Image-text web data
--
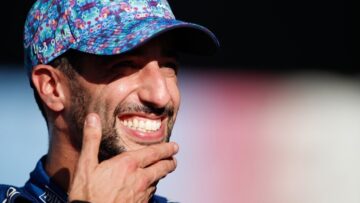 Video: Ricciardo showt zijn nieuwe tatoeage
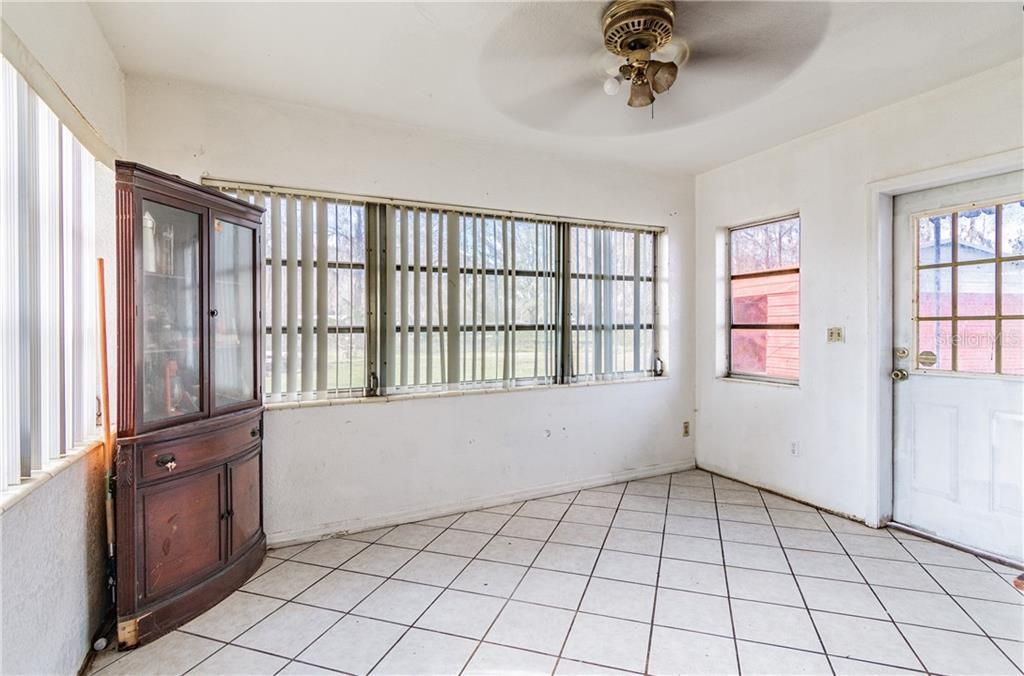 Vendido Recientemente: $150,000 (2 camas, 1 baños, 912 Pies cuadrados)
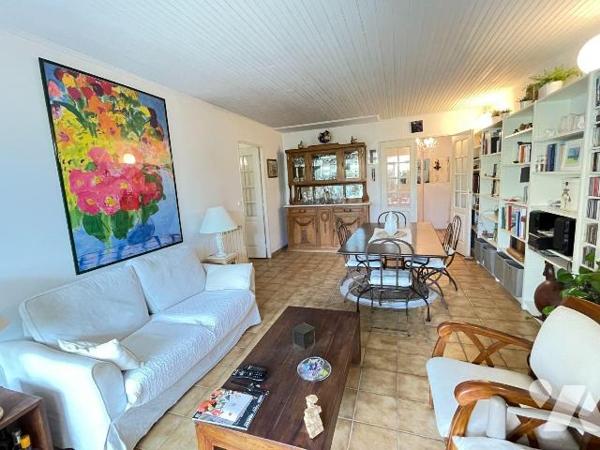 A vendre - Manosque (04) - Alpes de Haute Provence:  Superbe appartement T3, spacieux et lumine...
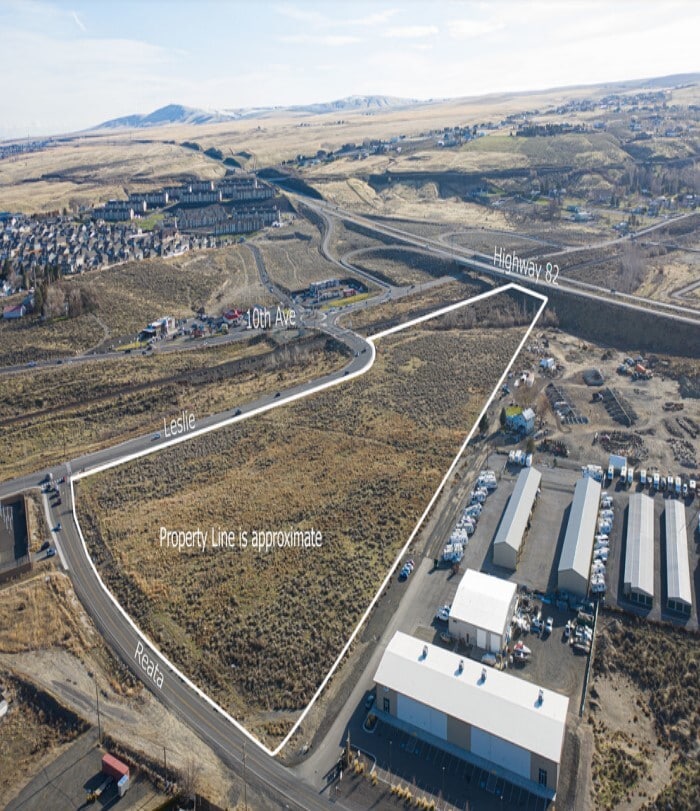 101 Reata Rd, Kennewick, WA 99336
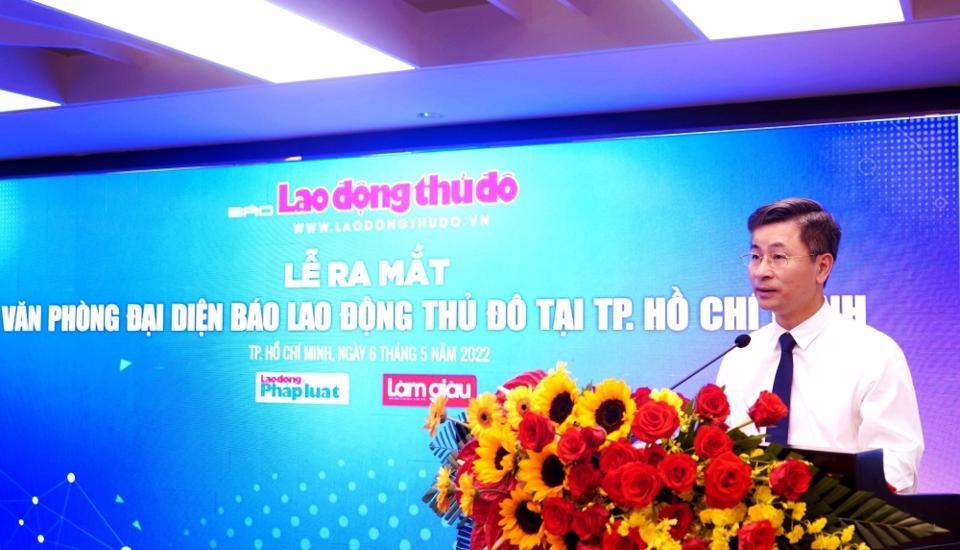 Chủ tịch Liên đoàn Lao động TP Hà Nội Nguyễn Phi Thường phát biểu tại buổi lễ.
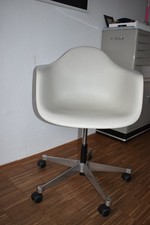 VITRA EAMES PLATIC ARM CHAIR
--
- What the exercise asks
Leave out any pictures, please, and quote only the lines from the top of the data through the line that contains "101 Reata Rd, Kennewick, WA 99336".

- Finished exercise
 Video: Ricciardo showt zijn nieuwe tatoeage
 Vendido Recientemente: $150,000 (2 camas, 1 baños, 912 Pies cuadrados)
 A vendre - Manosque (04) - Alpes de Haute Provence:  Superbe appartement T3, spacieux et lumine...
 101 Reata Rd, Kennewick, WA 99336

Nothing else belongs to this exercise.